The cyan line forms a narrow passageway between each of the three layers.  It also creates a much longer and wider passageway within the middle layer that connects the two narrow passageways.  

The outer passageway: 

The dark rose line from the outer layer enters the passageway, but doesn’t quite make it into the middle layer and blocks all other lines from entering the passageway. 

The inner passageway: 

This time, the cyan line completely blocks the pass.  The violet and dark green lines both arrive at dead ends.  

The middle passageway:

You would think I would be a little better at drawing stuff in photoshop considering I have a website dedicated to computer art, but I’m really not.
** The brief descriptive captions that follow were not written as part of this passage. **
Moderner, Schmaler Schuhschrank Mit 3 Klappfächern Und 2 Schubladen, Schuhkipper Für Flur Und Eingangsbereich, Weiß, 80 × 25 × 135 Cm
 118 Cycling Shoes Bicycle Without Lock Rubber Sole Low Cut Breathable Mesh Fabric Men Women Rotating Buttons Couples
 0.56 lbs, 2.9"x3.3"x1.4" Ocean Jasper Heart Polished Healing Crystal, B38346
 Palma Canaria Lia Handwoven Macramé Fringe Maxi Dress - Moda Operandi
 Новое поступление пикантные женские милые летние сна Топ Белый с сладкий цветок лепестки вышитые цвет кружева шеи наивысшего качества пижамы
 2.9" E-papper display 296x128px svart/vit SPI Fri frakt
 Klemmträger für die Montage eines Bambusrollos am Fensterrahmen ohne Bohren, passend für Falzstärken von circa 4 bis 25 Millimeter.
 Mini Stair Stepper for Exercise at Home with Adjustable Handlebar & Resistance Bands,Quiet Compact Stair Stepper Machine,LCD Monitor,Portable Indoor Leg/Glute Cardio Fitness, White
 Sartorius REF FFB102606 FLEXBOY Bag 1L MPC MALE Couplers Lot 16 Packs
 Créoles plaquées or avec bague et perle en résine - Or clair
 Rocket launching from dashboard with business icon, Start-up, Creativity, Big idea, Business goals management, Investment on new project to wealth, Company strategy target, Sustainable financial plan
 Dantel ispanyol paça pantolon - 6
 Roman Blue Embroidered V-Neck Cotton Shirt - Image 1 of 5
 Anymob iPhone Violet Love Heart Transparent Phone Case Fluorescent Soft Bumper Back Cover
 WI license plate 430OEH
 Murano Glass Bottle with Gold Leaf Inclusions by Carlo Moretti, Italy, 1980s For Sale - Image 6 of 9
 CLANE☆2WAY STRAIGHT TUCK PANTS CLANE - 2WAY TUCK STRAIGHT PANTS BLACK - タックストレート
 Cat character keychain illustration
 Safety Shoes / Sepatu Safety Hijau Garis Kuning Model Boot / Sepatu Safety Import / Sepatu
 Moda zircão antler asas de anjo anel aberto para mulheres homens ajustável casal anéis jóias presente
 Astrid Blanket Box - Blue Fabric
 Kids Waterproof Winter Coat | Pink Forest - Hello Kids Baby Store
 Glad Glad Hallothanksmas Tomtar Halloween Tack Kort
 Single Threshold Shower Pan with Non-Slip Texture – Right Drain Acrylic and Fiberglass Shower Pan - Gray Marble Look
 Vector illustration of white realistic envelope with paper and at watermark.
The effect is that the pyramid feels very far away from the outer frame.  The pyramid being further hidden inside the house is another reason why I call the level “The Secret Pyramid.”

Even The Crap Is Perfect

Crap:  short lines that fill space but don’t contribute to the pattern (I call them “filler” lines).  

Crap zones:  An area of the board where there are many of these lines.  

Large crap zones often spoil an otherwise perfectly good level for me.  My program uses a separate darker color palette for short lines to effectively hide them. 

The Trap

I like to call this area “the trap”, because it is trapezoidal, and I imagine that the many dots inside it once sought glory in a quest to find the pyramid.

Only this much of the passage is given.